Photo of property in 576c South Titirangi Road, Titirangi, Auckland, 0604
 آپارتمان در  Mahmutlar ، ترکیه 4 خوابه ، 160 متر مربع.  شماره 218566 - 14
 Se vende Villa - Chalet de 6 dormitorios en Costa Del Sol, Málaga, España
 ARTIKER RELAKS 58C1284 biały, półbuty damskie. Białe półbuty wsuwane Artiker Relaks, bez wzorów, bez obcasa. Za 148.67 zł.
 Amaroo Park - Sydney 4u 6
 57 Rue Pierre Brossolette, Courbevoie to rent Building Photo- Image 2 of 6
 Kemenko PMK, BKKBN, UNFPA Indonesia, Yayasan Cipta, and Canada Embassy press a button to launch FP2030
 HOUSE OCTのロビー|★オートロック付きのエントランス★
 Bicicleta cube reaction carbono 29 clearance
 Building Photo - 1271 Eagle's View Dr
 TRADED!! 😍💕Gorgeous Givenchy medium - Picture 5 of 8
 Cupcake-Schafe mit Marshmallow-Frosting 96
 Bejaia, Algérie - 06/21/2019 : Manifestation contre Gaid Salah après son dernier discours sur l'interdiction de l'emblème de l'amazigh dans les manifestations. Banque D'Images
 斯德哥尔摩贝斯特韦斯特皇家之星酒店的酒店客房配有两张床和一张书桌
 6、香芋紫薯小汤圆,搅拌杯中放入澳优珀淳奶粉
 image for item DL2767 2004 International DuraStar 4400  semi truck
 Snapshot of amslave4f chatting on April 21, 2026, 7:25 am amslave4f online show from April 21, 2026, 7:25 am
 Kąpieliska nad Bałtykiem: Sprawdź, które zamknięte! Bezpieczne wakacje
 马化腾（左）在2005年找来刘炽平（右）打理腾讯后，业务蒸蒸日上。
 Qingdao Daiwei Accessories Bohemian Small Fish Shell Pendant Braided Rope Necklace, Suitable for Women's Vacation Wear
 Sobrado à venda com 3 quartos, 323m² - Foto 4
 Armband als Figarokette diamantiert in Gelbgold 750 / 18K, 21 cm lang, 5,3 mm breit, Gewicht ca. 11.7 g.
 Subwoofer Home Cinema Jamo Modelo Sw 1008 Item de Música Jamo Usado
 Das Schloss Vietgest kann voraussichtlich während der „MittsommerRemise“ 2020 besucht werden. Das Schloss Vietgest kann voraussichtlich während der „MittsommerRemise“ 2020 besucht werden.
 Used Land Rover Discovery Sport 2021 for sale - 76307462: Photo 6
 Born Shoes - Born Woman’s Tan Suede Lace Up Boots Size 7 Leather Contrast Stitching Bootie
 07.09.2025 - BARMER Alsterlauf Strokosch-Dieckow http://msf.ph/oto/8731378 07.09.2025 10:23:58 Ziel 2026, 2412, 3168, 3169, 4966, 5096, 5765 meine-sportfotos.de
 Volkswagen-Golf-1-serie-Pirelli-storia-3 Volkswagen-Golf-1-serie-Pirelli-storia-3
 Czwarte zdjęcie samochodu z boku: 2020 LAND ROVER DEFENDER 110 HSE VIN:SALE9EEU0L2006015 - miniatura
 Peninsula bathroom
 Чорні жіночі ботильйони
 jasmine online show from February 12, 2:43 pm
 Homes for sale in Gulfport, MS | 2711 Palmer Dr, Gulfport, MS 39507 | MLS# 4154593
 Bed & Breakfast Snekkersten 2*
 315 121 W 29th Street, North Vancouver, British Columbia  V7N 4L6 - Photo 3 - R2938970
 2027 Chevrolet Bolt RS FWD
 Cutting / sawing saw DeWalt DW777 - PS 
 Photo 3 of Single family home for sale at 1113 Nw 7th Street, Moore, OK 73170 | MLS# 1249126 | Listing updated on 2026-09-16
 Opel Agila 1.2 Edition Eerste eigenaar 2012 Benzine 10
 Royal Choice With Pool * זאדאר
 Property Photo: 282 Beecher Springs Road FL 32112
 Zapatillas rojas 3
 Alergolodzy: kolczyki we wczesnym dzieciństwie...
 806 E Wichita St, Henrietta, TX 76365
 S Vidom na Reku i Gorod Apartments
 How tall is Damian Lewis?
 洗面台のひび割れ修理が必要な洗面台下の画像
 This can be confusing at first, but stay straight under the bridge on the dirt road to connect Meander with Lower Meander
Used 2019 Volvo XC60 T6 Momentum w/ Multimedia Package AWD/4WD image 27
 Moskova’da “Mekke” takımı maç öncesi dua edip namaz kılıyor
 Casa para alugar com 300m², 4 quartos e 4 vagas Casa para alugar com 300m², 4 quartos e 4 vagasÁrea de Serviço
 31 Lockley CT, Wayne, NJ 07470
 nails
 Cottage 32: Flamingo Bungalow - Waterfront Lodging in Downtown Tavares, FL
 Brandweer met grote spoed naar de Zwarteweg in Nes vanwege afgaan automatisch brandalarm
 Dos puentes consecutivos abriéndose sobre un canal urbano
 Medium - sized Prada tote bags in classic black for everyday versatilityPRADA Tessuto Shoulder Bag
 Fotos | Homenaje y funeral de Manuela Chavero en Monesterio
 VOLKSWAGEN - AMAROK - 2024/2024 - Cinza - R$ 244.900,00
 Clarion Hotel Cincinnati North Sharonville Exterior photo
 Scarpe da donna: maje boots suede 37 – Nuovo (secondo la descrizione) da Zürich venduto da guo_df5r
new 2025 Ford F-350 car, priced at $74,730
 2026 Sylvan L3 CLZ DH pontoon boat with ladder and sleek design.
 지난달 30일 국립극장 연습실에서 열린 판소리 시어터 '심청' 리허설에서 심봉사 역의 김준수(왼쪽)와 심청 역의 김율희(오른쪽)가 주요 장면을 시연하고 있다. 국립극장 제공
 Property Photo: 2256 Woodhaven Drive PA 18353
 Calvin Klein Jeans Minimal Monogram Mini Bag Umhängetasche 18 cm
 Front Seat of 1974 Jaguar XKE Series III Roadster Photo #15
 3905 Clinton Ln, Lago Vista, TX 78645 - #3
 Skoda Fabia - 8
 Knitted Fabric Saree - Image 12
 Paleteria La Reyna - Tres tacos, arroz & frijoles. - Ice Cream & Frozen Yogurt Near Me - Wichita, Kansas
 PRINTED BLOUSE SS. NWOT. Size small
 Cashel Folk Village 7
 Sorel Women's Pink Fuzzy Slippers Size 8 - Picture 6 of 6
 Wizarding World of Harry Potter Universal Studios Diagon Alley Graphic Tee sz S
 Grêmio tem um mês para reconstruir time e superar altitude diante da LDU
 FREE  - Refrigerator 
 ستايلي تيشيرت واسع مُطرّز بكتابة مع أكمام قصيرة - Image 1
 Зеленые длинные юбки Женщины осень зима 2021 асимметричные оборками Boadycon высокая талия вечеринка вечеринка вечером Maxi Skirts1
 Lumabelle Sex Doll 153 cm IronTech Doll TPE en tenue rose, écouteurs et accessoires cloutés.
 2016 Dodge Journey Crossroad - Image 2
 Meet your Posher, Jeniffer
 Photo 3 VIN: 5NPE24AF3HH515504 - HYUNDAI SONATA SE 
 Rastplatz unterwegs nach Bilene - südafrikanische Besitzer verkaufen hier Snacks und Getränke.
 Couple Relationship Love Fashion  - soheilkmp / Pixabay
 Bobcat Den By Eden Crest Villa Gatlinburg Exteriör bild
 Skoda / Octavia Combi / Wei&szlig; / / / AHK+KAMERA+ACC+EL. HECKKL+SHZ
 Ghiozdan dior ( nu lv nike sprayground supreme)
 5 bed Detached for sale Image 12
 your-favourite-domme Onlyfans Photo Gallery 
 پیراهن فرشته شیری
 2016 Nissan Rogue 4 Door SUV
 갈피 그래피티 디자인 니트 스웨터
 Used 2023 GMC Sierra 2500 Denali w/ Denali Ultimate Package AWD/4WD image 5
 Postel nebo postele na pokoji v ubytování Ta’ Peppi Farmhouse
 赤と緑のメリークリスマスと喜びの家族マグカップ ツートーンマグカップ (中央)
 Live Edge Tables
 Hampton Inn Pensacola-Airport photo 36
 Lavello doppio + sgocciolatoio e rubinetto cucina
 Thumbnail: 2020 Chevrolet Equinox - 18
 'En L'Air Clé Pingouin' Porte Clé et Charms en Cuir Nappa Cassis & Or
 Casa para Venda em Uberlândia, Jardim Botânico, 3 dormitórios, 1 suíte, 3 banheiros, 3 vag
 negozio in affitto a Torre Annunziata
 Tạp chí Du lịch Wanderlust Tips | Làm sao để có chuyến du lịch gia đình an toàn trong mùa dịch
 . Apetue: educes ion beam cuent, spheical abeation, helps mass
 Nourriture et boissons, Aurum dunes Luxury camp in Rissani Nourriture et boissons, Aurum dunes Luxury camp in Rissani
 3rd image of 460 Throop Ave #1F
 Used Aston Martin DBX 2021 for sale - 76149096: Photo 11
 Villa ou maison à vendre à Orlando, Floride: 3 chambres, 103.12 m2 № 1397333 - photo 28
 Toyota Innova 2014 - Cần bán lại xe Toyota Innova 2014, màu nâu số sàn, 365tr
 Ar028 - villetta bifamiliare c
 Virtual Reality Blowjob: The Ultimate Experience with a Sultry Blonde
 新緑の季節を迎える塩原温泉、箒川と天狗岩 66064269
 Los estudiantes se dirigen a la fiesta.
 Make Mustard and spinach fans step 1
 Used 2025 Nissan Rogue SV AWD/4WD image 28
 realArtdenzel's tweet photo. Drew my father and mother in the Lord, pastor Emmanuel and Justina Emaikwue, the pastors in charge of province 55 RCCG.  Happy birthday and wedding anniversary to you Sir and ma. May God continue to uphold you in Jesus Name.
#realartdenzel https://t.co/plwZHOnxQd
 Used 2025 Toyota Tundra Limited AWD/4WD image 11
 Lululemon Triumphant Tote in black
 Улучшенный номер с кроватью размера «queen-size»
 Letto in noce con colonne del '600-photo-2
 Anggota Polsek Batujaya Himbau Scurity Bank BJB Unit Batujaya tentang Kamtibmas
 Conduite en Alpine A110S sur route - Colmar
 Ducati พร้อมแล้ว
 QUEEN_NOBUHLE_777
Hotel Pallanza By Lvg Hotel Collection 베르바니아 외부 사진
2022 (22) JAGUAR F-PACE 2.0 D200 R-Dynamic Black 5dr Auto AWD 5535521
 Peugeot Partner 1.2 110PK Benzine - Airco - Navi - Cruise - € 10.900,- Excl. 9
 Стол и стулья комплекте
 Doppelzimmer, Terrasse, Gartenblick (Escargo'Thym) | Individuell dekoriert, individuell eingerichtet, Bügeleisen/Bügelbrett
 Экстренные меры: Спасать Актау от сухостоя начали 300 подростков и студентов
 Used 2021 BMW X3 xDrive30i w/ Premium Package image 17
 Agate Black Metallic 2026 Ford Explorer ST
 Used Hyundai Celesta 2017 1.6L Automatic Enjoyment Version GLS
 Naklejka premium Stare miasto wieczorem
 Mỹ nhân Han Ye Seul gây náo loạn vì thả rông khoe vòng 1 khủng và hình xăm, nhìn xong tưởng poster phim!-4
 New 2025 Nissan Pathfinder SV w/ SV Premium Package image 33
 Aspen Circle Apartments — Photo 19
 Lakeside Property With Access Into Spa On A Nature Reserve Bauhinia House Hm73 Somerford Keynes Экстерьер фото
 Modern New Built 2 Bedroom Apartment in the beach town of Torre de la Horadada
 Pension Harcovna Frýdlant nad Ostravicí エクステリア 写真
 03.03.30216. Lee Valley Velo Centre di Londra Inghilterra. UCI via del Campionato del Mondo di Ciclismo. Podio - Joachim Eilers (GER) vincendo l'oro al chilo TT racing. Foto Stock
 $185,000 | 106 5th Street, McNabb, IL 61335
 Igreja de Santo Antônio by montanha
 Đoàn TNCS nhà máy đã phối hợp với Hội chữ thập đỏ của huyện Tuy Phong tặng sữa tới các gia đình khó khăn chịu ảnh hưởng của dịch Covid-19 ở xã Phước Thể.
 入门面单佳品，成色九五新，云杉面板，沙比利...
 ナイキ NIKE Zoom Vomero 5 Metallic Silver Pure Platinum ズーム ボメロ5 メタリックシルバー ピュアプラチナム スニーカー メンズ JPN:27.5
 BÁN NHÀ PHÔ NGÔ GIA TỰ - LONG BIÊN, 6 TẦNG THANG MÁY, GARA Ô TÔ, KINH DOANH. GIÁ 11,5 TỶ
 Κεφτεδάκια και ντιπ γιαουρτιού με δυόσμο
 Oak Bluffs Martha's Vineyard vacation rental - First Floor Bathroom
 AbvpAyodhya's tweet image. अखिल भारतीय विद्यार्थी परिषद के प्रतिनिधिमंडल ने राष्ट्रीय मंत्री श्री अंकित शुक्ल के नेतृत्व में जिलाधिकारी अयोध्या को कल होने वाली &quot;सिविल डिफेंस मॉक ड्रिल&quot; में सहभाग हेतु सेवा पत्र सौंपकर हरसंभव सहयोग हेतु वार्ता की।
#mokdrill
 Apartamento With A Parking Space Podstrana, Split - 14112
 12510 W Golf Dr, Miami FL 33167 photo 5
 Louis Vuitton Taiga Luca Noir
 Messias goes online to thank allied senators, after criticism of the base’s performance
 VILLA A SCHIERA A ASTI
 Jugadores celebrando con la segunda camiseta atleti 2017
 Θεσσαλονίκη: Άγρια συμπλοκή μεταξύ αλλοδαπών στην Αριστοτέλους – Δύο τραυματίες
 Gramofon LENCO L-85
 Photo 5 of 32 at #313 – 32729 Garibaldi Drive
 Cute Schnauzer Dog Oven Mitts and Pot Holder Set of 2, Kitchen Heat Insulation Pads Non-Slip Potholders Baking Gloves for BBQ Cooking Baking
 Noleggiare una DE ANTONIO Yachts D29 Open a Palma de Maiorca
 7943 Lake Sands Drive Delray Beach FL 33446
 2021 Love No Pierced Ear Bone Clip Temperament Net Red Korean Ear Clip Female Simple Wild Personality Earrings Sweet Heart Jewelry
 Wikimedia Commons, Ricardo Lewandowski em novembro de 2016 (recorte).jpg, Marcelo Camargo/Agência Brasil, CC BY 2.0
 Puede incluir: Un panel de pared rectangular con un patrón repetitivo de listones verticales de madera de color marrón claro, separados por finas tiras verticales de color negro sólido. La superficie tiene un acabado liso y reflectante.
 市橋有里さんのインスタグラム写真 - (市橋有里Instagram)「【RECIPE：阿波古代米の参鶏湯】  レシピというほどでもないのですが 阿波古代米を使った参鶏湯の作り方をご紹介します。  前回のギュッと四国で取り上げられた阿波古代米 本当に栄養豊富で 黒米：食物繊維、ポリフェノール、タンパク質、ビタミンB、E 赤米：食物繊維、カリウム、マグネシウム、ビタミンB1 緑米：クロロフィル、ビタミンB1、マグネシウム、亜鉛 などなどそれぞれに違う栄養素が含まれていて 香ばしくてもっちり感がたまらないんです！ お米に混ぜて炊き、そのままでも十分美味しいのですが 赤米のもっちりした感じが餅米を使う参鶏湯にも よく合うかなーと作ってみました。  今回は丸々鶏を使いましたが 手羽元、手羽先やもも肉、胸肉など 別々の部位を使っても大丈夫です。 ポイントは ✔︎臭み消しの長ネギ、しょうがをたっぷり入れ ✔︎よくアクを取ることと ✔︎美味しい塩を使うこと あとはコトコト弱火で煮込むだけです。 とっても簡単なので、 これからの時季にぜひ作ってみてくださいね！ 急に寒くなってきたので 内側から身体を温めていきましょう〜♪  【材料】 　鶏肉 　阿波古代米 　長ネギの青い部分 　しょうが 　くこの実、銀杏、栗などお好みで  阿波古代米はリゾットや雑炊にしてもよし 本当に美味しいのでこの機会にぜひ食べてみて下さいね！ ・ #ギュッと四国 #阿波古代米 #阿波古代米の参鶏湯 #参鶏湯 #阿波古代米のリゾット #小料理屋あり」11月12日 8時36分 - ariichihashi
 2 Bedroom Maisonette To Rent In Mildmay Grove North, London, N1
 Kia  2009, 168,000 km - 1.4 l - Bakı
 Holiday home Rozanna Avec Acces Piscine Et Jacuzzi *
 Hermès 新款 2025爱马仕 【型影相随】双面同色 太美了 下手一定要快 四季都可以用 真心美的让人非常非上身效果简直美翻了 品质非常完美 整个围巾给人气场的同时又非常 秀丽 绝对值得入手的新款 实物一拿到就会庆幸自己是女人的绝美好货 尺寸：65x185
********************
WORK REQUIRED – Could you transcribe the entries above word for word, from the line with "in Rissani Nourriture" down to the line with "Ar028 - villetta bifamiliare c", keeping both?

SOLUTION TO THIS EXERCISE –
 Nourriture et boissons, Aurum dunes Luxury camp in Rissani Nourriture et boissons, Aurum dunes Luxury camp in Rissani
 3rd image of 460 Throop Ave #1F
 Used Aston Martin DBX 2021 for sale - 76149096: Photo 11
 Villa ou maison à vendre à Orlando, Floride: 3 chambres, 103.12 m2 № 1397333 - photo 28
 Toyota Innova 2014 - Cần bán lại xe Toyota Innova 2014, màu nâu số sàn, 365tr
 Ar028 - villetta bifamiliare c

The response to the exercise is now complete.